London, Jan 12 (Just News): US president Donald Trump has confirmed he will not travel to the UK to open the new American embassy next month, blaming the decision to relocate the building to an "off location".
Hitting out at former US leader Barack Obama, Mr Trump wrote on Twitter early on Friday that he thought the embassy's move from Grosvenor Square in the prestigious Mayfair district of central London to Nine Elms, south of the Thames, in a 1.2 billion dollar (£886 million) project was a "bad deal".
He wrote: "Reason I cancelled my trip to London is that I am not a big fan of the Obama Administration having sold perhaps the best located and finest embassy in London for 'peanuts', only to build a new one in an off location for 1.2 billion dollars. Bad deal. Wanted me to cut ribbon-NO!"
Prime Minister Theresa May was the first world leader to visit Mr Trump in the White House and the US president accepted at the time an invitation for a state visit.
But that idea was fairly swiftly pushed into the long grass, given the scale of expected protests and opposition within the UK. A petition against a state visit gained more than a million signatures last year.

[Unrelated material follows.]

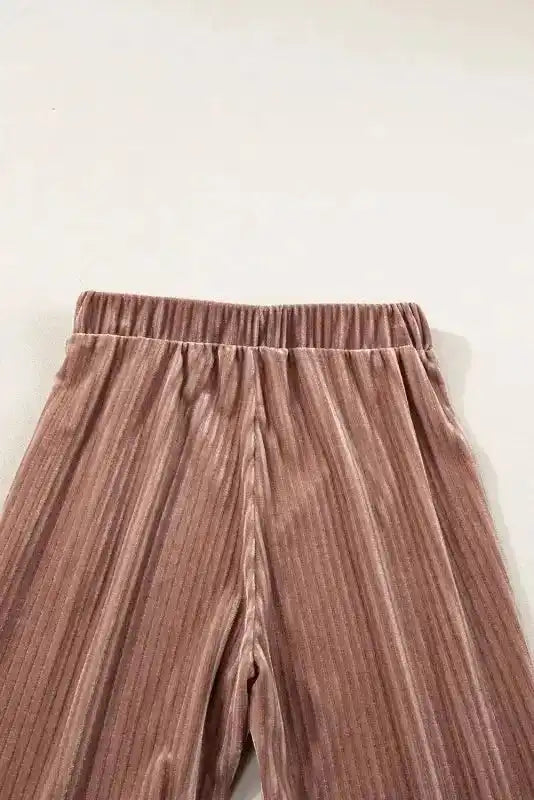 Rear waistband detail of women's high waist flare corduroy pants, highlighting elastic band and ribbed corduroy texture.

Mr Trump was then reported to be considering a "working visit", with some publications reporting that a date had been set for the end of February. The visit was due to coincide with the opening of the new US embassy.
Writing on Twitter at 4.57am on Friday, Mr Trump said he thought the embassy's move from Grosvenor Square was a "bad deal".

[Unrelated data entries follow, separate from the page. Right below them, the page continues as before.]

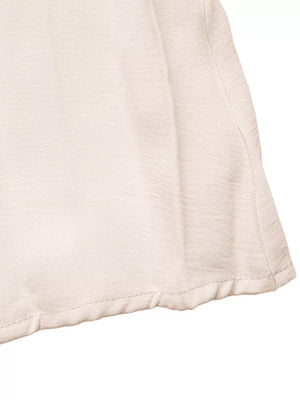 Apricot midi dress with textured fabric and a pleated hem detail.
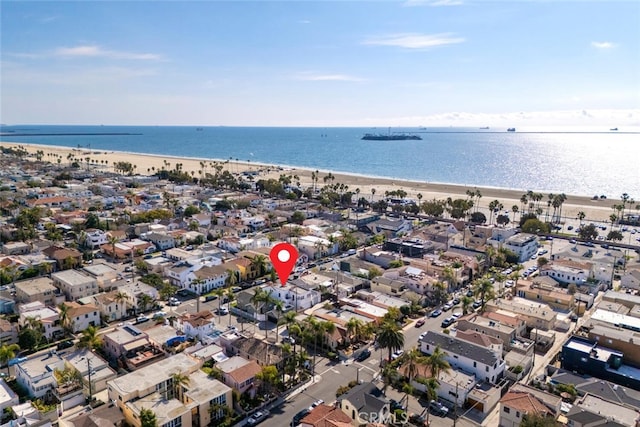 aerial view with a water view and a view of the beach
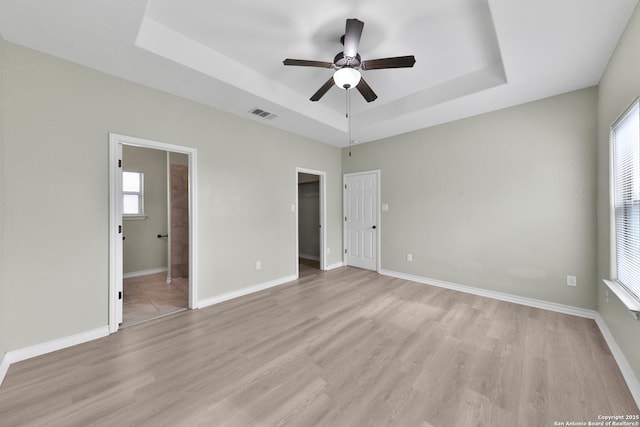 unfurnished bedroom featuring multiple windows, connected bathroom, a raised ceiling, and ceiling fan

Despite Mr Trump publicly blaming his predecessor Obama, the US announced its plans to move to the new embassy site in October 2008 - when George W Bush was in the White House. The new building will open on January 16.
On the embassy web page about the project, it said: "The project has been funded entirely by the proceeds of the sale of other US Government properties in London, not through appropriated funds."

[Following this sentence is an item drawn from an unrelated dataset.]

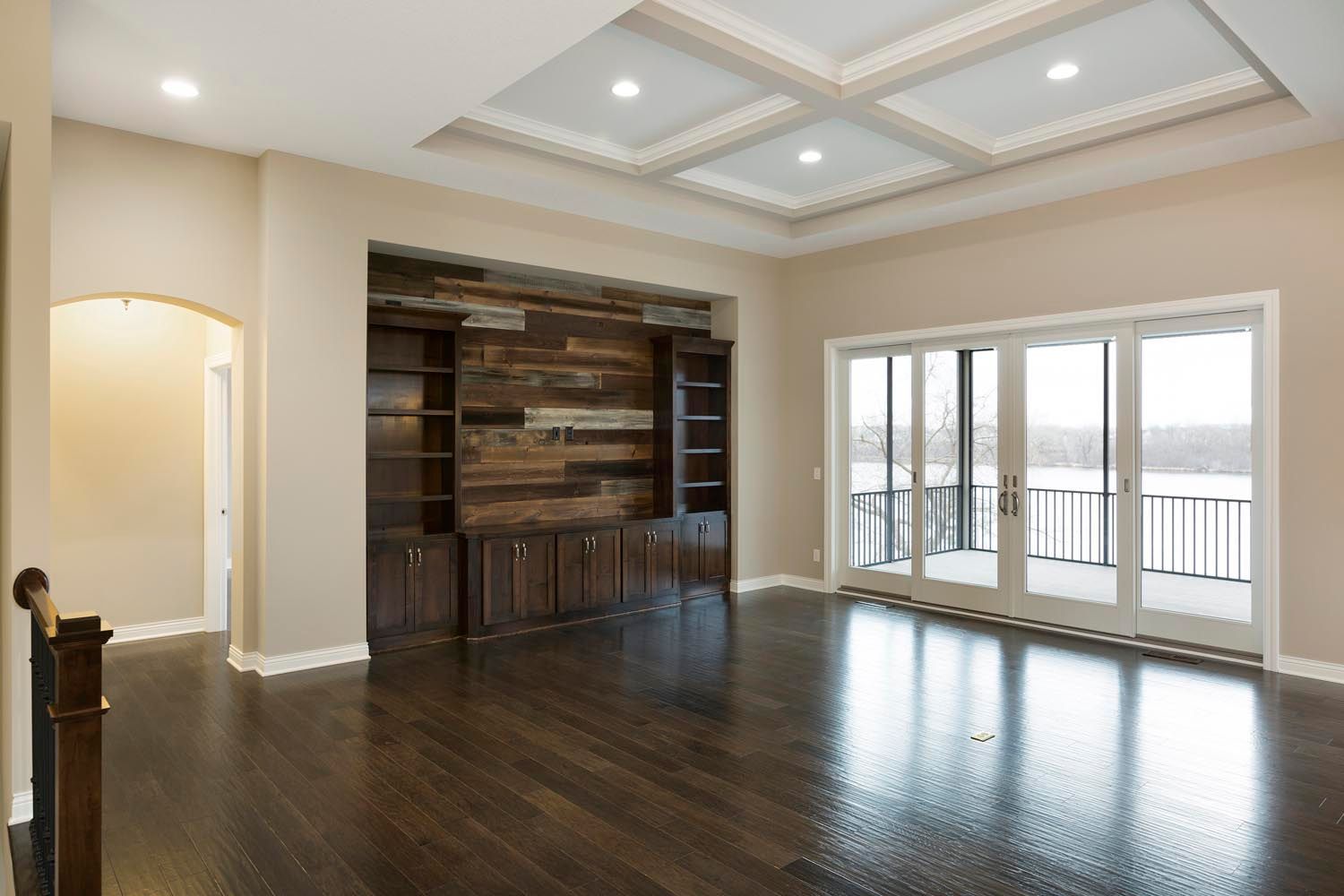 an empty living room with hardwood floors and lots of windows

Mr Trump had also been scheduled to hold talks with Mrs May in No 10, with February 26 and 27 marked in the diary. Downing Street had hoped to confirm the dates this week.
Rex Tillerson, the secretary of state, will instead represent the US at the embassy opening.
In December, US Ambassador Woody Johnson said he was looking forward to welcoming the president when he visited, adding: "I think he will be very impressed with this building and the people who occupy it."
He said the new embassy was a "signal to the world that this special relationship that we have is stronger and is going to grow and get better".
One of the interior gardens that is filled with cacti to evoke the south west American desert landscapes
An interior garden filled with cacti to evoke the south-west American desert landscapes goes on show before the new embassy opens later in January Credit: Stefan Rousseau /PA
Mr Trump's decision not to head across the Atlantic comes despite Mrs May saying that a future visit was still on the cards last week.
A Downing Street spokesman said: "Our position is that an offer for a state visit has been extended and accepted."
Sources claimed that the lack of "bells and whistles" and royal involvement in next month's planned visit might have discouraged Mr Trump.
Mrs May controversially extended the offer of a state visit - officially on behalf of the Queen - when she became the first world leader to meet Mr Trump in the White House following his inauguration last year.
Since then, however, the president has indicated he does not want to take up the invitation if he is going to face mass demonstrations and it had been expected he could make a low-key working visit rather than a trip which involved all the trappings of a state occasion.